|Contribute a translation||Source (English)|
How dreary the vastness of the universe would appear to us
without the light Thou sheddest upon it.
How soon, at the hiding of Thy countenance,
would all that charms our vision wither and all flesh decay;
but Thou art beneficent,
and carest for the beings to whom Thou hast given existence.
For their sake Thou daily renewest Thy work,
and, so wisely directest it,
that it transcends not the limits Thou hast assigned thereto.
The refulgent luminaries and the dew-drop
equally benefit the earth and its inhabitants.
The surging billows and the piercing wind
influence alike the abode of man.
Therefore have the creatures of Thy love
come before Thee for thanksgiving;
for under Thy paternal guidance
was this country gladdened
with exuberance of food.
Thou didst cover us under Thy protecting wings,
and at thy rebuke pestilence hied away.
Thus providentially shielded,
we found energy to apply the mind to high callings.
The vast fields of science were tended,
and they rewarded human endeavors.
General knowledge was diffused,
and the institutions of public education received adequate support.
Thou hast also, O God!
vouchsafed to bless the precious inheritance of our fathers.
Thou hast enlarged,
and greatly enhanced its value
in the eyes of the world.
Oh, may we every revolving year
exult over the attainment of the same blessings;
over the health and plenty we enjoyed;
over the freedom granted to all men of North America,
and over the peace of the Union.
And now we beseech Thee, O Lord!
to inspire us with brotherly love,
that we may be drawn together
into one indissoluble bond.
Uphold the counsel of our rulers,
that it may be directed to the work of human civilization.
Endow our Chief Executive with wisdom
to frustrate the schemes of evil doers,
and with capacity to fulfill the longings of the good.
And may the boon of civil and religious liberty
hasten the day when Thou shalt be acknowledged
the only King and Lord in heaven and upon earth.
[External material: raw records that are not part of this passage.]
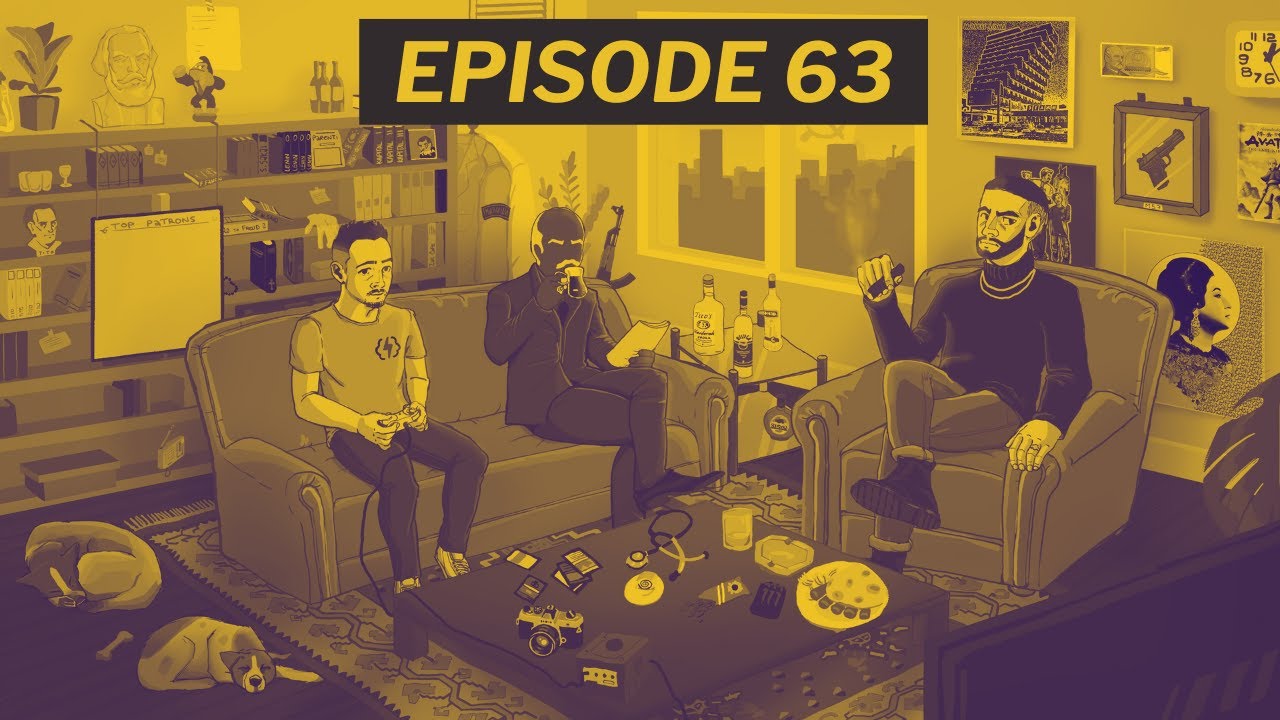 Episode 63 - Lulags and inflation p*rn | Send New(d)s #6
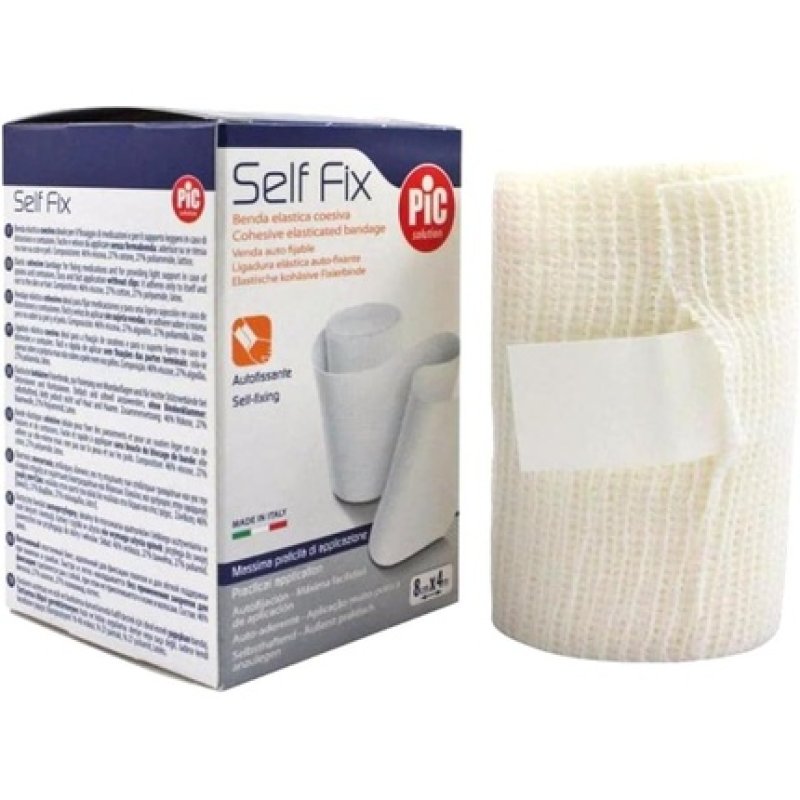 Artsana Benda El Pic Self-Fix 8 x 400 cm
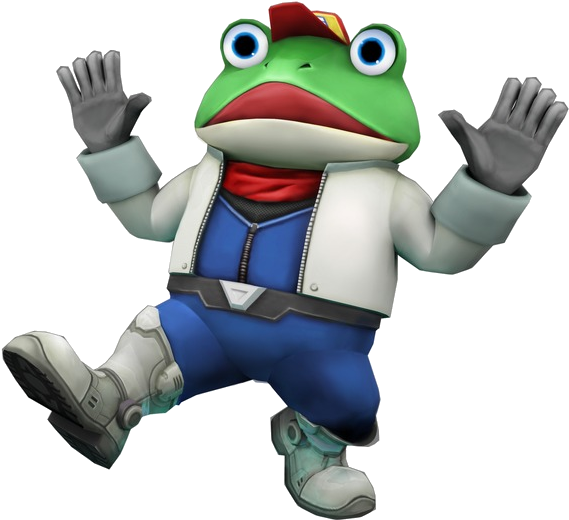 -smash Final Te Obliga A Jugar A Star Fox Zero Y Mueres - Woah There That's Pretty Edgy (599x597), Png Download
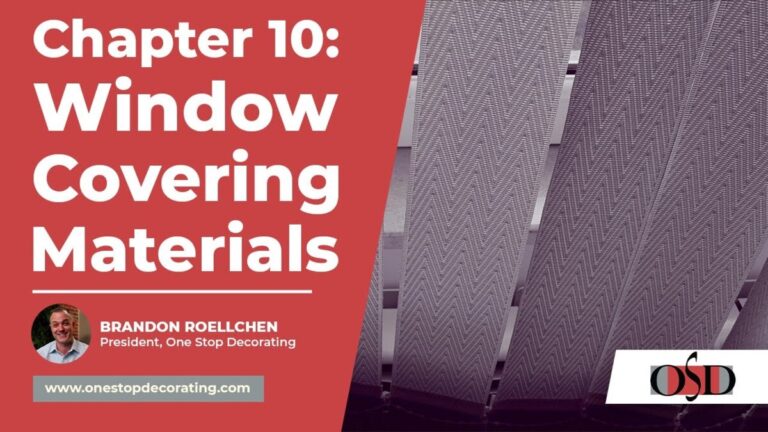 Best Materials for Window Coverings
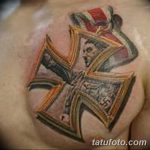 Фото тату Скинхедов от 31.07.2018 №063 - tattoo of skinheads - tatufoto.com
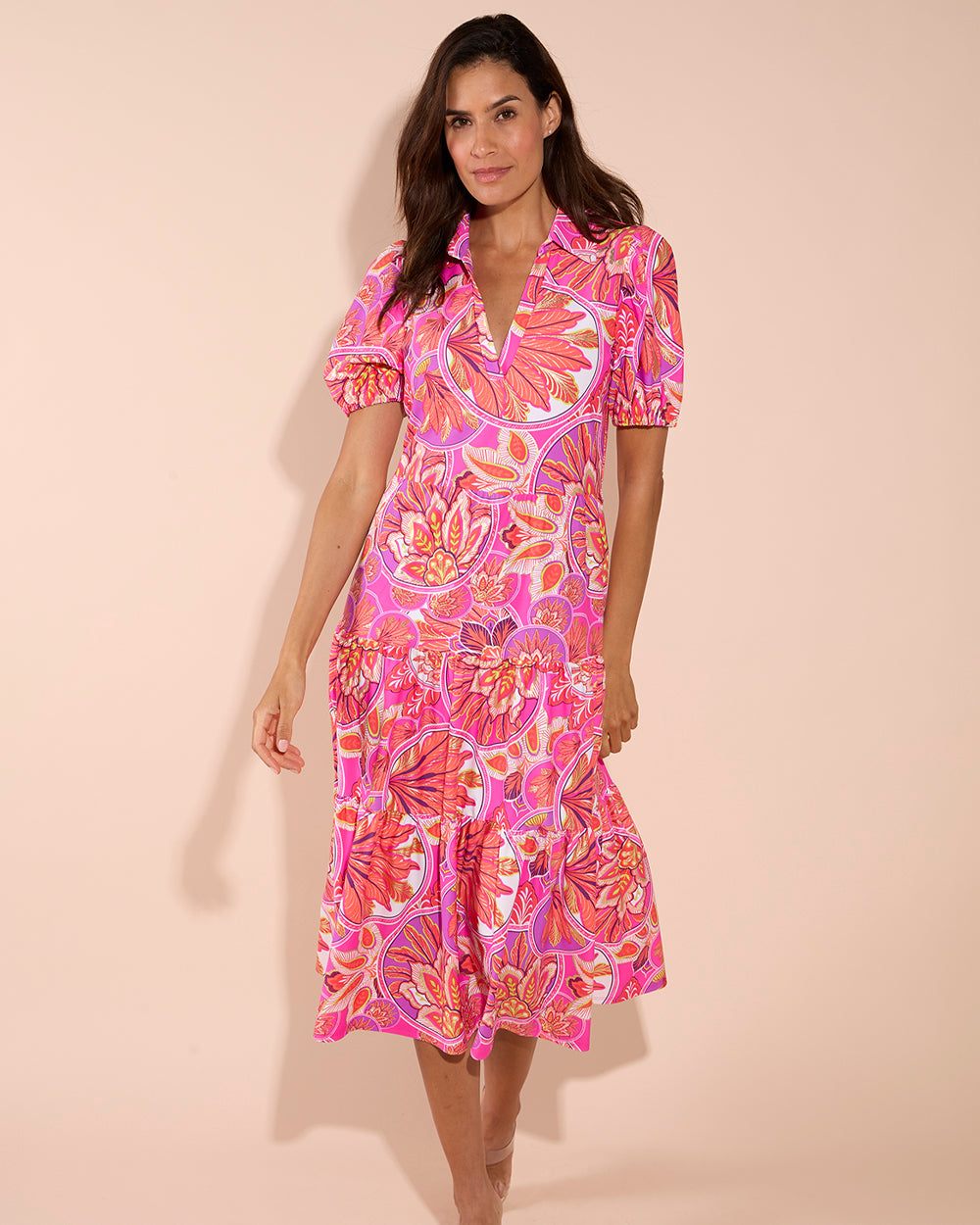 Portia Dress - Gilded Jude Cloth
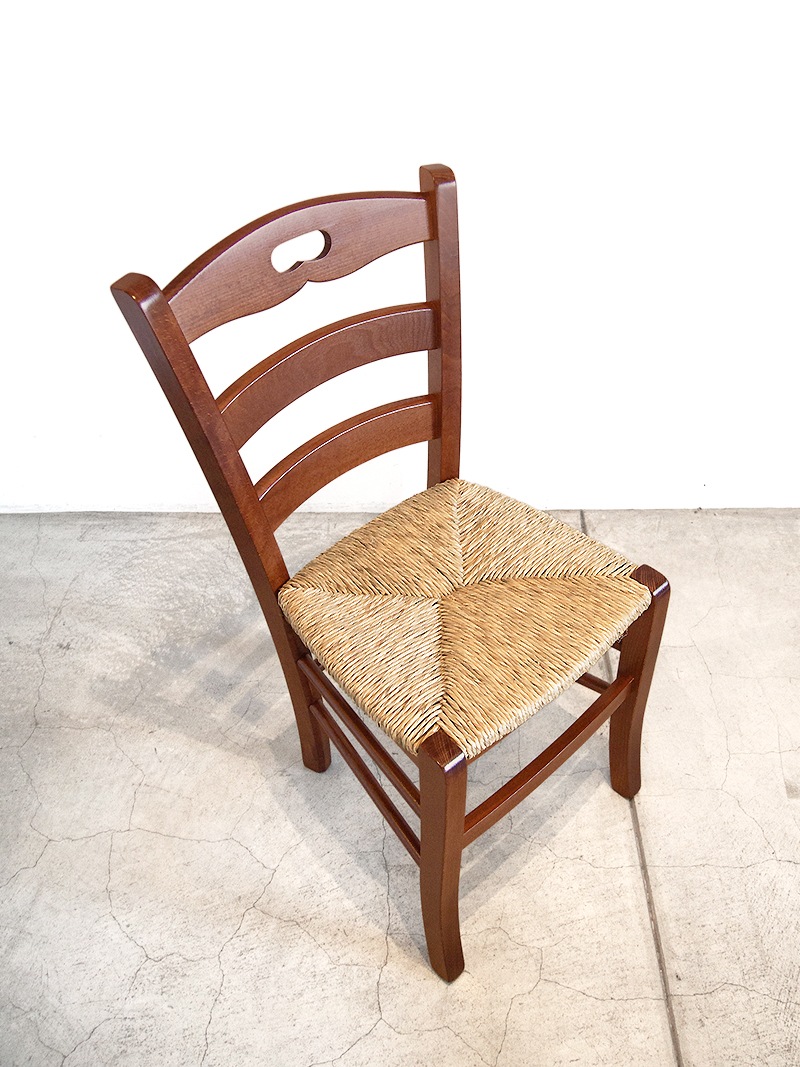 PROVENCE SEAGRASS ダイニングチェア｜イデア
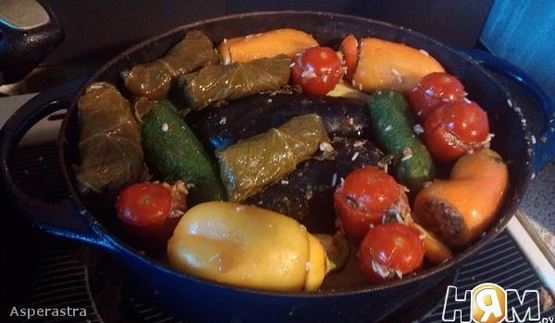 иракская долма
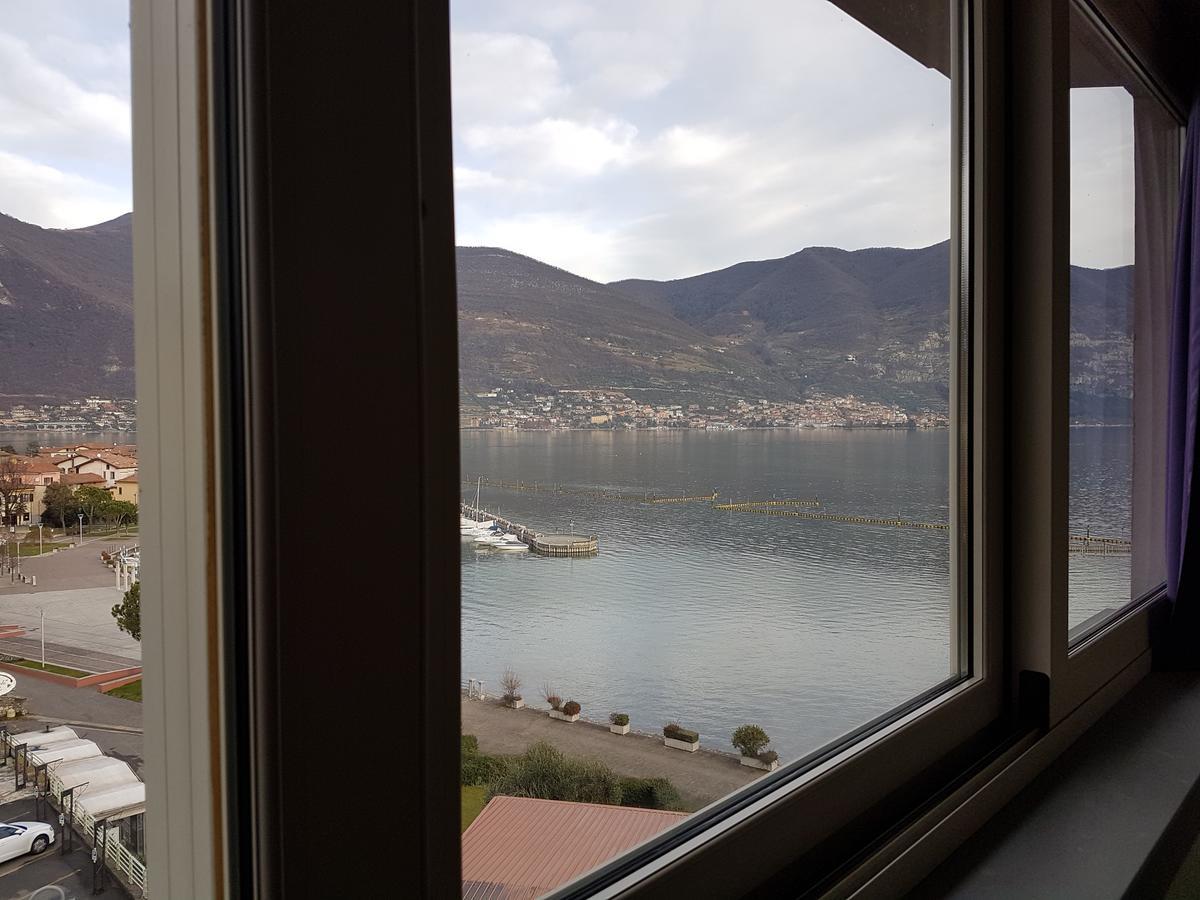 Locanda Del Lago Rosmunda Clusane Dış mekan fotoğraf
This prayer by Rabbi Sabato Morais was offered (possibly for Thanksgiving Day) in conclusion to a sermon delivered at some point prior to its printing in The Philadelphia Inquirer on 8 December 1865. It was preserved by Rabbi Morais in his ledger (page 24, clipping 030), an archive of newsclippings recording material he contributed to the press, among other announcements. (Many thanks to the Library of the University of Pennsylvania for helping to make this resource accessible.) Above the clipping, Rabbi Sabato has written, “Andrew Johnson proved anything but a worthy successor to the sainted Abraham Lincoln.”
“Prayer for the United States after the Civil War, by Rabbi Sabato Morais (8 December 1865)” is shared through the Open Siddur Project with a Creative Commons Attribution-ShareAlike 4.0 International copyleft license.
Works of related interest:
Prayer for the United States on a Civic Fast Day to avert Civil War, by Rabbi Sabato Morais (26 September 1861)
Prayer for the Protection of the Commonwealth of Pennsylvania after the Battle of Gettysburg by Rabbi Sabato Morais (4 July 1863)
Prayer for the United States on a Civic Fast Day during the Civil War, by Rabbi Sabato Morais (30 April 1863)
Prayer for the United States on Thanksgiving Day during the Civil War, by Rabbi Sabato Morais (24 November 1864)
Prayer for the United States on Thanksgiving Day on the First Day of Ḥanukkah during the Civil War, by Rabbi Sabato Morais (28 November 1861)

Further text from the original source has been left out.